How to generate TwiML using Strings in C#

Niels Swimberghe - 2/21/2023 - .NET

This blog post was written for Twilio and originally published at the Twilio blog.

Over the decades, C# has added different ways to create a string, each with their own benefit. In this tutorial, you'll learn how to generate TwiML using the different C# string features with an ASP.NET Core Minimal API and compare it to the object oriented way of generating TwiML.

But first, let's get you up to speed on how Twilio uses webhooks and TwiML to respond to text messages and voice calls.

Prerequisites #

Here's what you will need to follow along:

.NET 6 SDK, or .NET 7 SDK to use Raw String Literals (later versions will work too)
A code editor or IDE. I recommend JetBrains Rider, Visual Studio 2022 Preview (will also work in the non-preview Visual Studio in the future), or VS Code with the C# plugin
A free Twilio account (sign up with Twilio for free and get trial credit)
A Twilio Phone Number
The ngrok CLI, and optionally, a free ngrok account

Experience with ASP.NET Core and Minimal APIs is not required but recommended. Here's an article that brings you up to speed on how to integrate ASP.NET Core Minimal APIs with Twilio.

You can find the source code for this tutorial on GitHub. Use it if you run into any issues, or submit an issue, if you run into problems.

Before creating your application, let's get you up to speed on how Twilio uses webhooks and TwiML to respond to text messages and voice calls.

Webhooks and TwiML #

Using Twilio, you can build programmatic text message and voice call applications. Twilio can do a lot of things like playing audio, gathering input, and recording a call. But Twilio doesn't know how you want to respond to voice calls and text messages. That's why when Twilio receives a call or text message, Twilio will send an HTTP request to your application asking for instructions.

A webhook is a user-defined HTTP callback. When an event happens in a service, your application is notified of that event using an HTTP request.

Twilio uses webhooks heavily throughout all its products. Here's a diagram of what it looks like when there's an incoming text message to your Twilio Phone Number and your application is handling the messaging webhook:

Phone texts "Ahoy!" to a Twilio Phone Number, Twilio sends the SMS details (from and to phone number and the body of the message) via HTTP to your web application, then your application responds with TwiML instructions instructing to respond with "Hi!". Twilio receives the instructions and sends "Hi!" back to the original sender.

When your Twilio Phone Number receives a text message, Twilio will send an HTTP request with the message details to your application.
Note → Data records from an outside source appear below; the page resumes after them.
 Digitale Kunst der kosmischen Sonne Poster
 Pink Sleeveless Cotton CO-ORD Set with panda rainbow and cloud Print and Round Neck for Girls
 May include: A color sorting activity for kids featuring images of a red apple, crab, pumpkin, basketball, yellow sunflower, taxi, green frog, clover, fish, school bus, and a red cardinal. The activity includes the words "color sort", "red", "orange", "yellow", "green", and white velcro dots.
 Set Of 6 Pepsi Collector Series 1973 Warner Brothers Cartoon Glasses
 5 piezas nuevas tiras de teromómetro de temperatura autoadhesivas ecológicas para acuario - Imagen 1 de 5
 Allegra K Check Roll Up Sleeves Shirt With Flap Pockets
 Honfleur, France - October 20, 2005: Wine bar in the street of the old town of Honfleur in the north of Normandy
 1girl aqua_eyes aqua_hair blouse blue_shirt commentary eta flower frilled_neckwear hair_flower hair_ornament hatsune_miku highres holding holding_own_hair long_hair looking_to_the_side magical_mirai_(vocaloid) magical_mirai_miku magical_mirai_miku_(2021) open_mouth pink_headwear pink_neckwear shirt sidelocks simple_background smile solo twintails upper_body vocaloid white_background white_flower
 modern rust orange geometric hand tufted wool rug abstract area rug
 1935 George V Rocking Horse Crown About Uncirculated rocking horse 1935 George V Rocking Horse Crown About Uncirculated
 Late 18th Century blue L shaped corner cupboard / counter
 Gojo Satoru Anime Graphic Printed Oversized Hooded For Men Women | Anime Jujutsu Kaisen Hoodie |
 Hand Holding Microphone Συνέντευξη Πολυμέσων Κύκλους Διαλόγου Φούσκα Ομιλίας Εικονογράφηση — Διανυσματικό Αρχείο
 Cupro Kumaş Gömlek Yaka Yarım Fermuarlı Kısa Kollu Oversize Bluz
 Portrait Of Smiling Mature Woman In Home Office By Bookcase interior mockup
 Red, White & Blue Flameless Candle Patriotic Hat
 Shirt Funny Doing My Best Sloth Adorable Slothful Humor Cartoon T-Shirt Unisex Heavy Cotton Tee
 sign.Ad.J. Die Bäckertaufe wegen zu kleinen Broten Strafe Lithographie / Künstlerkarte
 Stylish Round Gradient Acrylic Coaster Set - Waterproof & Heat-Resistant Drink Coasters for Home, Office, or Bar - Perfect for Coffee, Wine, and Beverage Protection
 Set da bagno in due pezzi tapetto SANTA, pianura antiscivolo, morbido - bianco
Your application then has to respond with TwiML (Twilio Markup Language) to instruct Twilio how to respond. TwiML is XML with special tags defined by Twilio to provide instructions on how to respond to messages and voice calls. In the diagram depicted above, Twilio will respond with "Hi!" because the app responded with the following TwiML:

<?xml version="1.0" encoding="utf-8"?>
<Response>
  <Message>Hi!</Message>
</Response>

You can learn more about TwiML for Programmable Messaging here and TwiML for Programmable Voice here.

Create an ASP.NET Core Minimal API to handle voice calls #

First, let's create an ASP.NET Core Minimal API to handle voice calls without using Raw String Literals.

Open a terminal and create a new ASP.NET Core Minimal API project using the .NET CLI:

dotnet new web -o TwimlStrings 
cd TwimlStrings

These commands will create the project in a folder named TwimlStrings and navigate into the folder.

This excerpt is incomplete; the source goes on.